» DESCRIPTION OF THE TASK: Please count the lines in these records that contain "Duct" and give only that count.
#### RECORDS TO USE ####
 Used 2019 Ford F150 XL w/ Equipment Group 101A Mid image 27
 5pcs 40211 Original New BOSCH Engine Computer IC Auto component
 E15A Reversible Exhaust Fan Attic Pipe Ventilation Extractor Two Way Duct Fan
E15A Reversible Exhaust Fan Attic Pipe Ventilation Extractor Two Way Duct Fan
####
#### RECORDS TO USE ####
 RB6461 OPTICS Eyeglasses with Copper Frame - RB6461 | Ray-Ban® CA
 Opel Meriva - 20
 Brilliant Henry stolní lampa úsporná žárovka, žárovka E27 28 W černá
####
» RESULT OF THIS EXERCISE: 2